Johann Sebastian BACH (1685-1750) French Suites
No. 1 in D minor BWV 812 [16:45]
No. 2 in C minor BWV 813 [15:56]
No. 3 in B minor BWV 814 [16:43]
No. 4 in E-flat major BWV 815 [14:46]
No. 5 in G major BWV 816 [18:34]
No. 6 in E major BWV 817 [16:18] Wolfgang Amadeus MOZART (1756-1791)
Suite in C major, K.399 (1782) and Gigue in G major, K.574 (1789) [15:07]
Peter Hill (piano)
rec. 5-8 July 2015, University Concert Hall, Cardiff. DELPHIAN DCD34166 [64:14 + 50:02]
I remain a great fan of Peter Hill’s Well Tempered Clavier on the Delphian label (reviews here of Book 1 and Book 2), and if you have already heard these then you will already know what to expect from this recording of The French Suites.
Hill’s touch in Bach is very much a ‘chamber-music’ experience rather than one for larger concert venues. That said, his sound is of the sort which would carry much further than you might expect. Poetic and confiding, Hill’s piano is made to sound sympathetic with 18th century aesthetics rather than the symphonic concert arenas of the 19th and 20th – those fields in which the modern Steinway has been designed to be competitive.

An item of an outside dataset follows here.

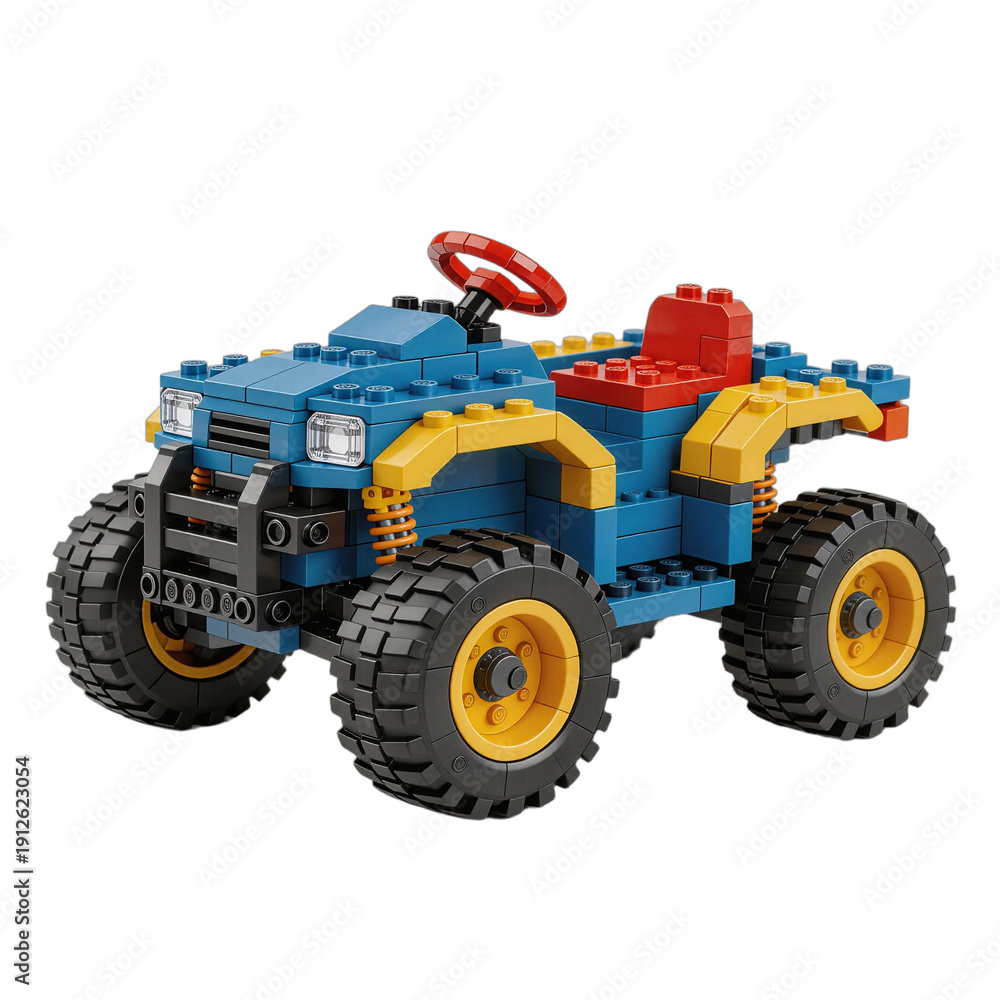 Fototapeta premium Blue and Yellow Toy Quad Bike Made of Building Blocks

Sublimely crafted beauty is where we begin and end with this set. Even where drama might seem to be called for there is control and reserve aplenty. Many pianists take the final Gigue of the First Suite as a call for theatricality, Andrea Bacchetti’s Sony recording being a case in point, and none the worse for that as an alternative view. Hill retains his sense of proportion, balancing those dotted rhythms against the antique bustle of the earlier Courante. That gorgeous Sarabande is of course the heart of this suite, and Hill’s sustained performance sings with mystic devotion without turning the movement into an uphill dirge. Hill takes a measured approach in general but is by no means always slow, or certainly doesn’t sound slow in something like the Courante of the Second Suite. András Schiff is more rapid here in his Decca recording, but with a greater tendency towards rubati and wider dynamic extremes gives his Bach a more romantic feel than Hill. While on the subject of rubato and expressive ‘lift’ to notes and phrases I came across Ivo Janssen’s complete Bach box while searching through various versions online, and was disturbed to hear him putting irritating little rhythmic stretches in all over the place in his French Suites, so I’m glad I avoided that when it came out in 2011.

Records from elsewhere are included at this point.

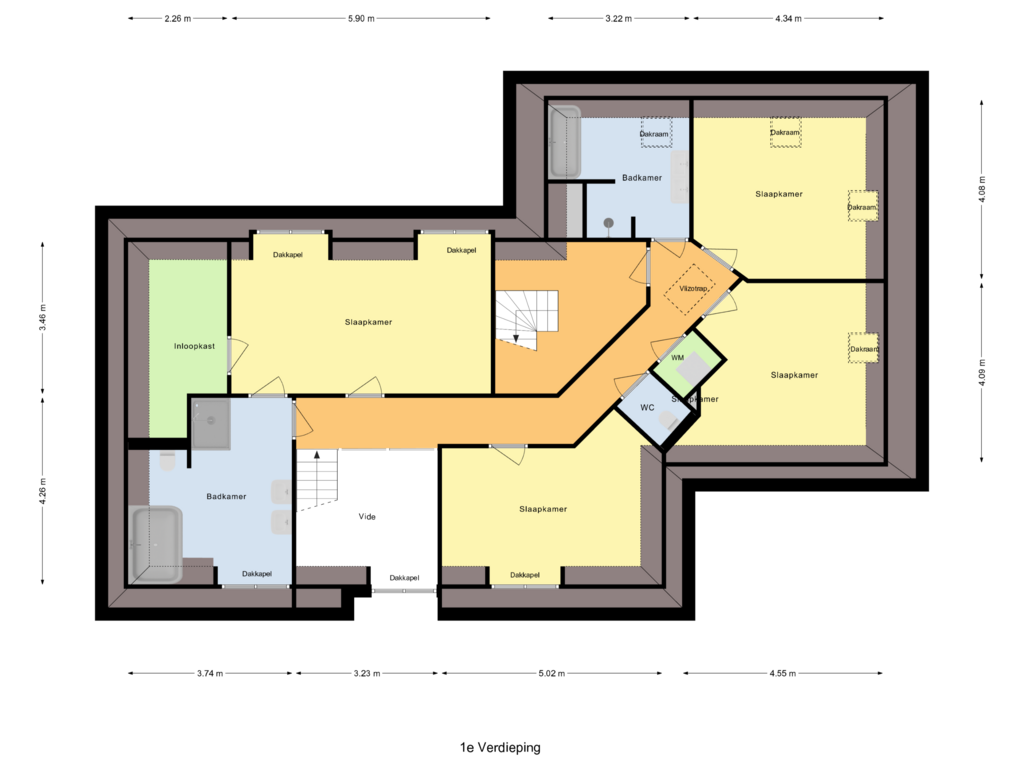 Bekijk plattegrond van 1e Verdieping van Prins Hendrikstraat 2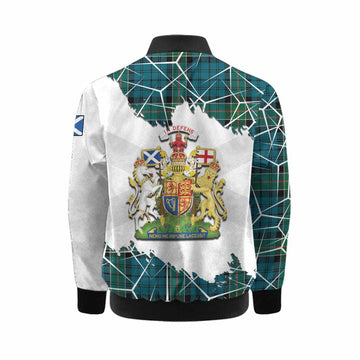 Kirkpatrick Tartan Kid Bomber Jacket with Family Crest and Lion Rampant Grunge Style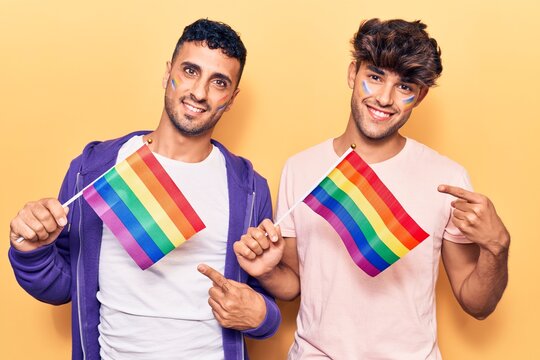 Young gay couple holding rainbow lgbtq flags smiling happy pointing with hand and finger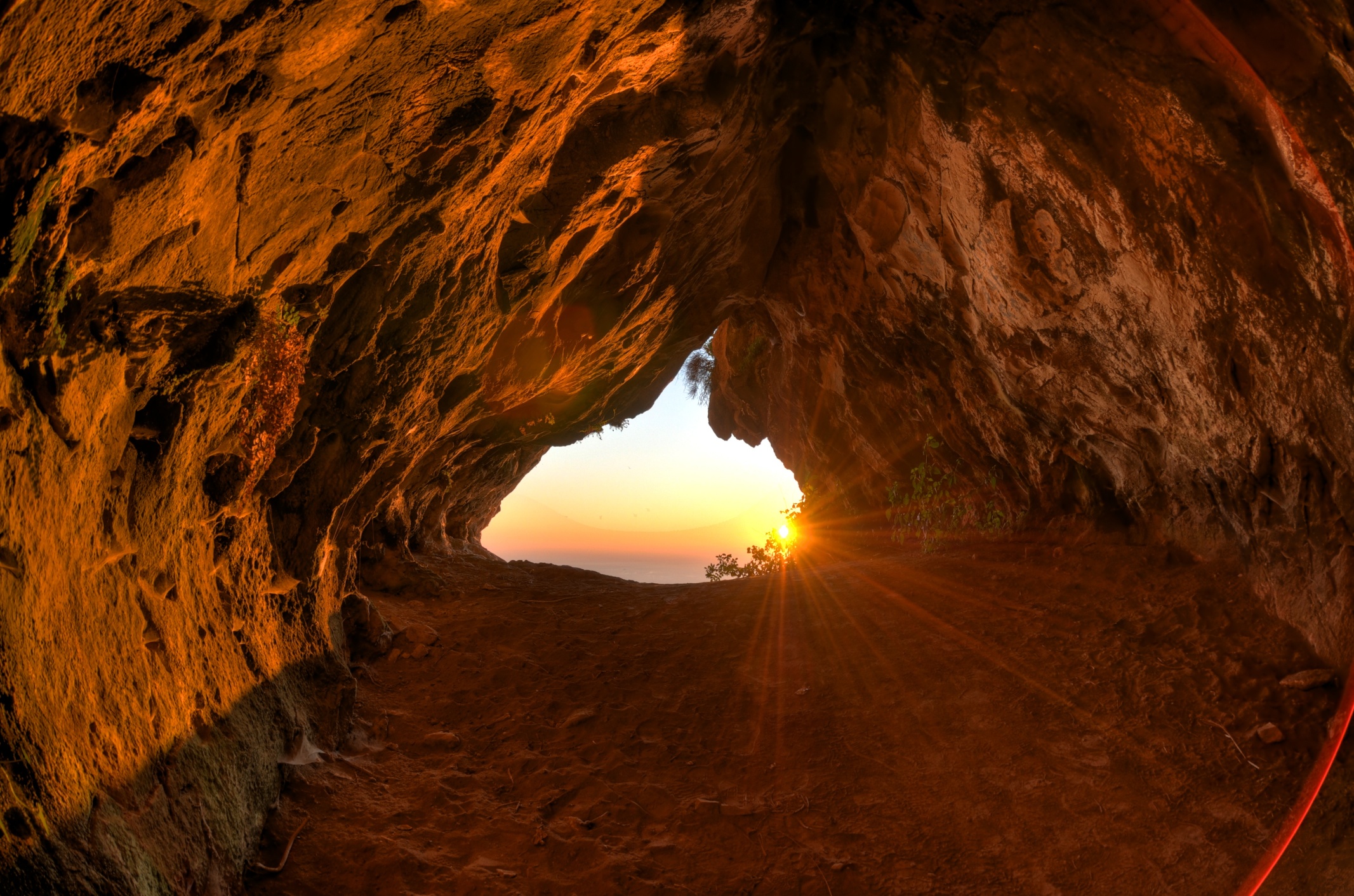 Goats Hair Caves on Gibraltar and sunlight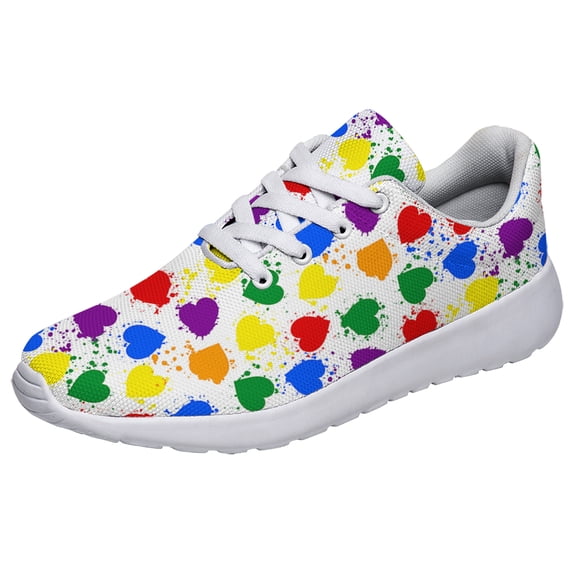 Rainbow Shoes, Unisex Fashion LGBT Sneakers for Men Women White Size 3.5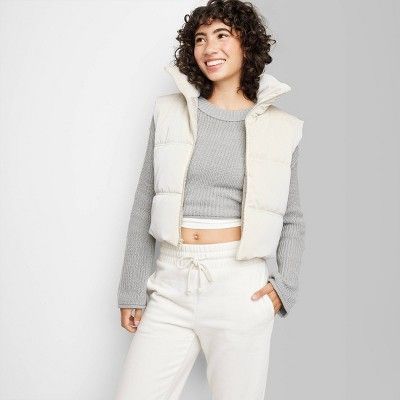 Women's Matte Cropped Puffer Vest - Willd Fable™ | Target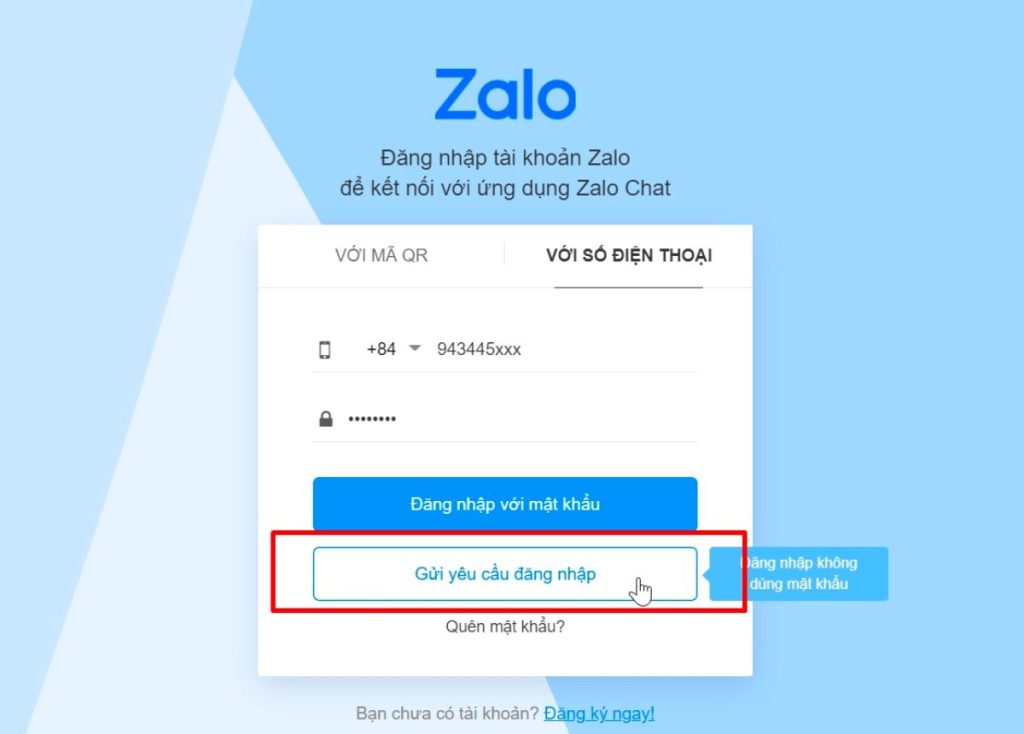 Cách đăng nhập Zalo không cần mật khẩu
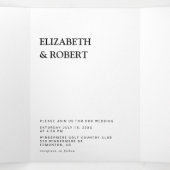 Zwart-witminimalistisch eenvoudige moderne bruilof drieluik uitnodiging (Binnenkant midden)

Peter Hill’s playing has that natural sense of breathing and flow which pretty much removes expression from the thought processes while listening, by which I mean it is avoided as a technical layer and becomes integrated into the music in ways which make performer and composer somehow inseparable. There is a lack of complication here which allows you to sit back and enjoy in the knowledge that you are in safe hands. Take the two-part Allemande that opens the Third Suite: no need for much embellishment, no great expressive statements to deliver, just Bach’s refined counterpoint in its purest form. There are arguments to be had about tempi in this and other movements of course. Andrei Gavrilov on his admirable Deutsche Grammophon recording comes in at 2:25 to Hill’s leisurely 3:39 in this movement, but then Hill replies with a Courante at 2:13, running fairly close to Gavrilov’s 1:56 and winning in the contrast stakes. Hill is frequently less flashy than his rivals, but usually with good reason.
Peter Hill goes into some detail on each suite in his excellent booklet notes for this release, and points out the Suite in C, K.399 “epitomises Mozart’s fascination with baroque music”, making its choice as a filler by no means a strange one. The transition from Bach to Mozart is distinctive but by no means shocking. Hill has completed this four-movement K-number with the Gigue in G, K.574 written in Leipzig in 1789 while steeped in the atmosphere of Bach’s Thomaskirche. Mozart’s counterpoint has an exploratory quality which wanders into territories for which Bach would no doubt have been keen to point out alternative solutions, but that final Gigue is indeed a tour de force that takes us through much of the chromatic scale in under two minutes.
Peter Hill is to Bach what Dave McKenna was to jazz when it comes to the piano. His amicable and unpretentious playing fills me with a warm fuzzy feeling and leaves me happy to be alive, and you can’t get much better than that.